#### Requirement
Output the lines of the listing below exactly, starting at the line containing "Yahoo!オークション -「ポケモンカード 旧裏面 サザンアイランド Yahoo!オークション" and stopping after the last line, with any pictures dropped.

#### Exercise data
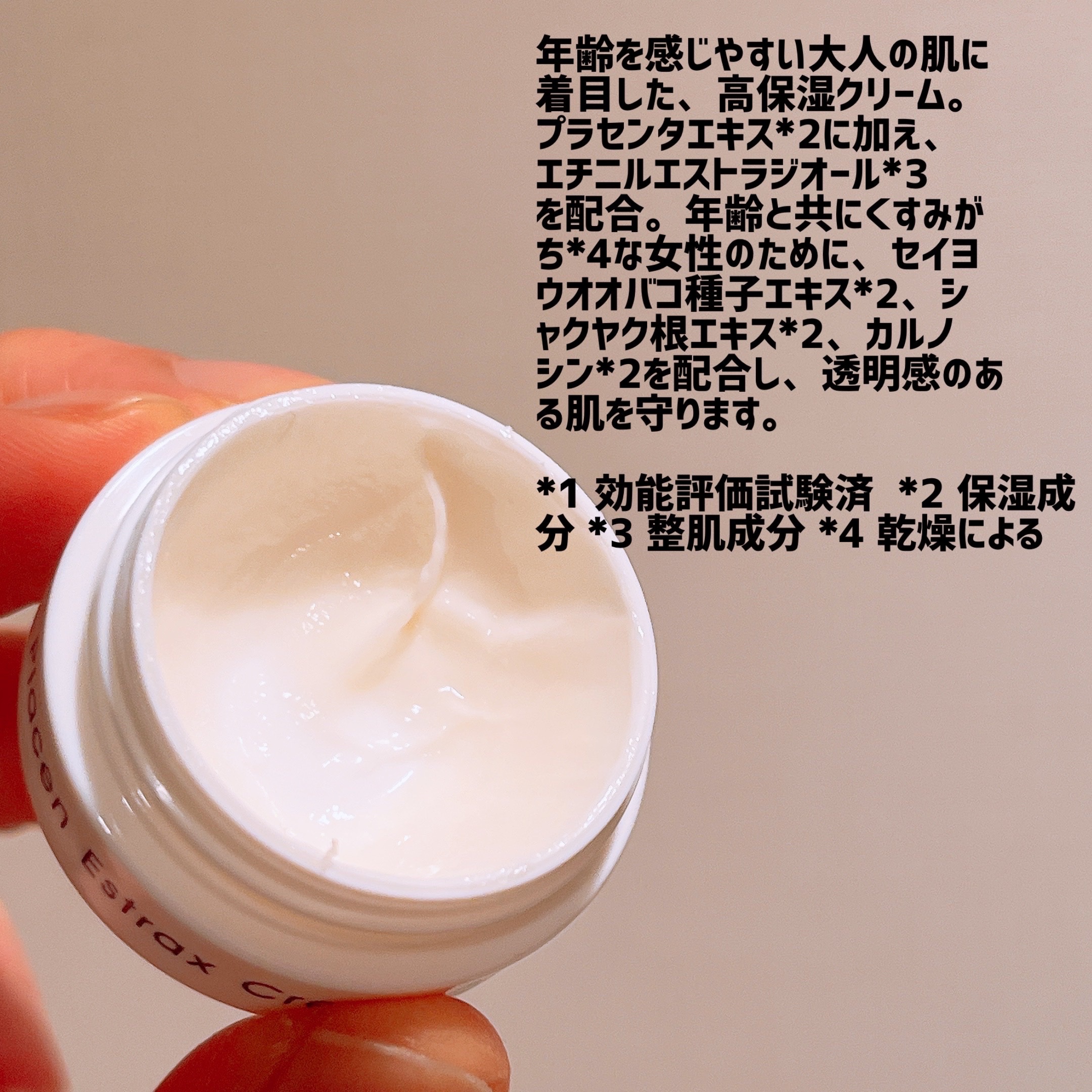 プラセンエストラックスクリーム/Bb lab./フェイスクリームを使ったクチコミ（2枚目）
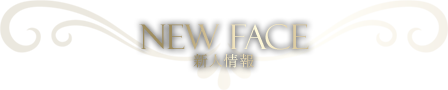 新人情報(NEW FACE)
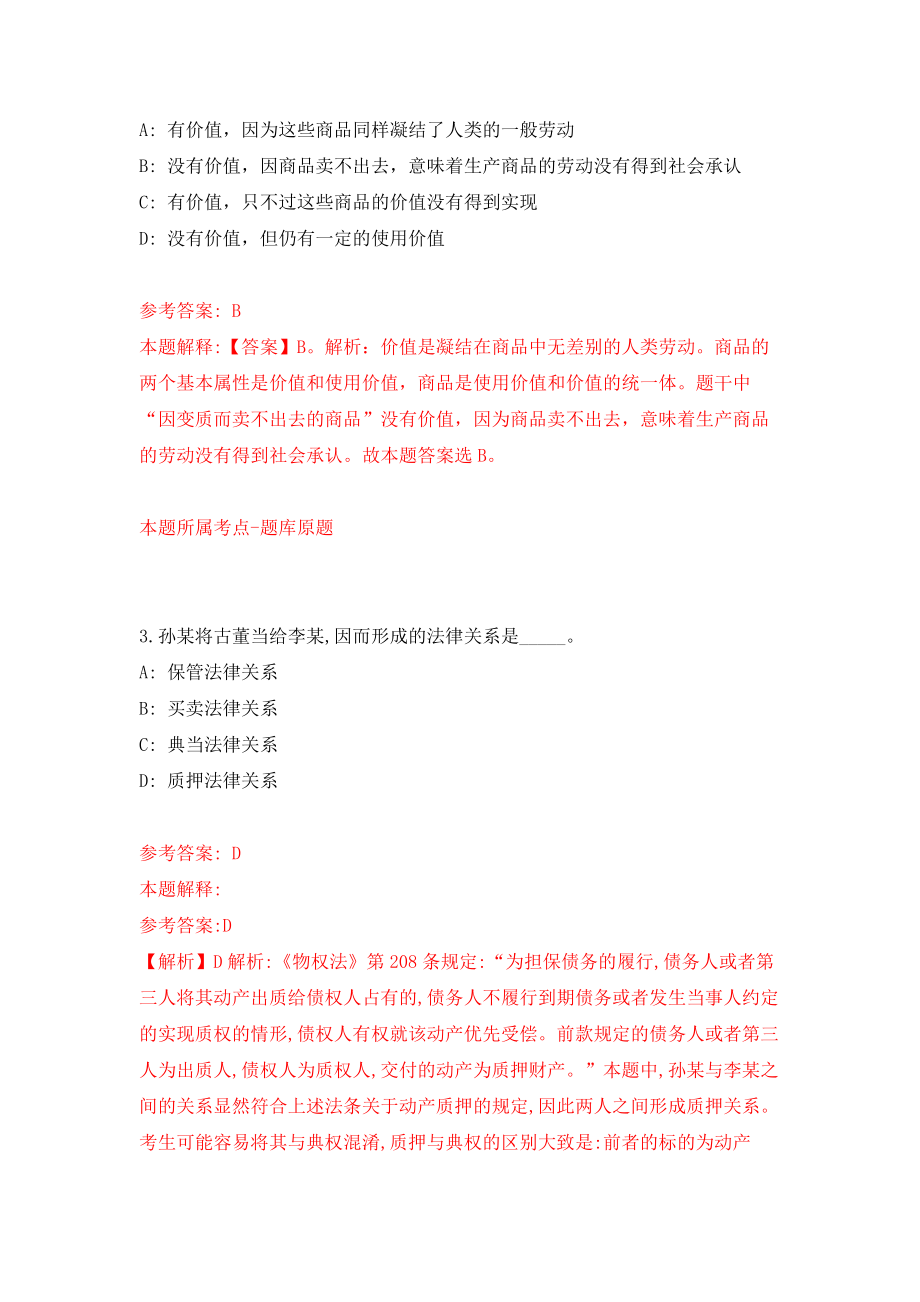 2022河北邯郸市体育局选聘事业单位人员7人模拟考核试卷（2）_第2页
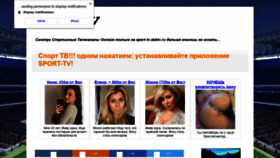 What Sport-tv.debtv.ru website looked like in 2021 (2 years ago)
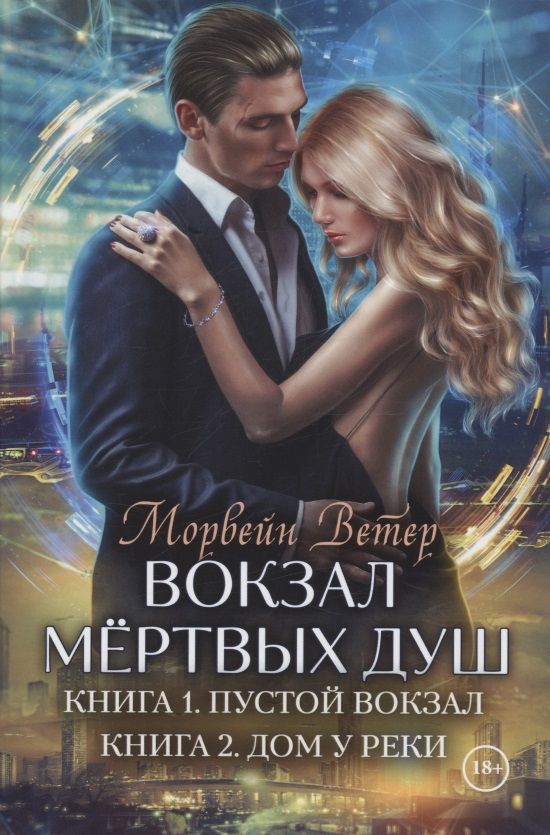 Обложка книги "Ветер: Вокзал мертвых душ. Книга 1. Пустой вокзал. Книга 2. Дом у реки"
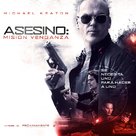 American Assassin - Argentinian Movie Poster (xs thumbnail)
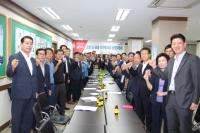 박명재 의원, 새누리당 포항남·울릉 당협위원장 재선출 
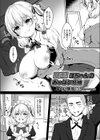 暴走！環ちゃんのおっぱい危機試し読み1ページ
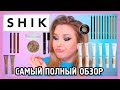 Видео - ПОЛНЕЙШИЙ ОБЗОР SHIK I Вся линейка ухода, декора и средств для бровей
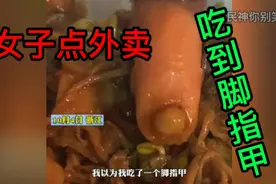 女子点外卖，吃出脚趾甲，太恐怖了。爆笑来袭视频封面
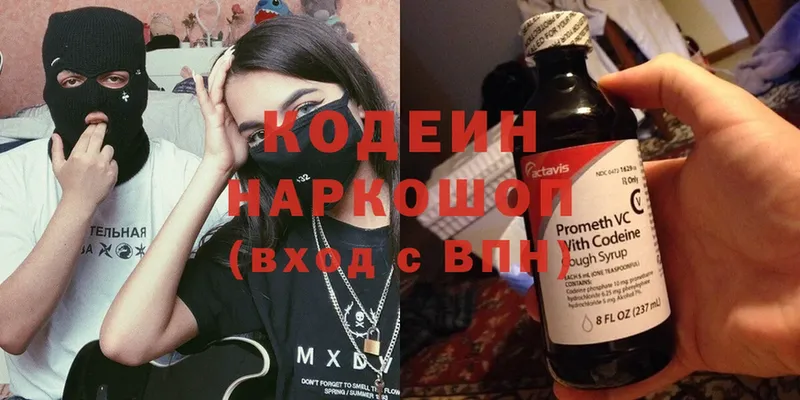 как найти   Дмитров  Кодеин Purple Drank 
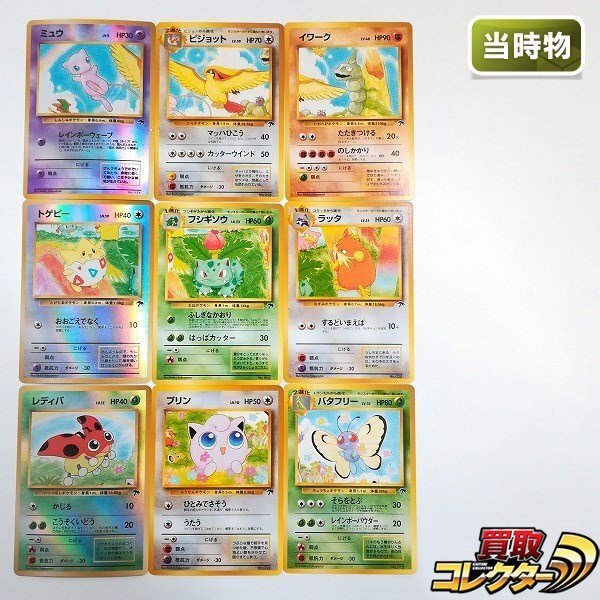 Yahoo!オークション -「ポケモンカード 旧裏面 サザンアイランド Yahoo!オークション -「ポケモンカード 旧裏面 サザンアイランド
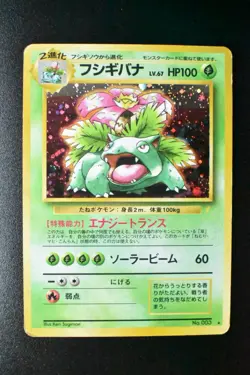 Venusaur No. 003 Trade Please CD Promo 1999 Holo Rare Japanese Pokemon Card - Image 2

#### Answer for this exercise
 Yahoo!オークション -「ポケモンカード 旧裏面 サザンアイランド Yahoo!オークション -「ポケモンカード 旧裏面 サザンアイランド
 Venusaur No. 003 Trade Please CD Promo 1999 Holo Rare Japanese Pokemon Card - Image 2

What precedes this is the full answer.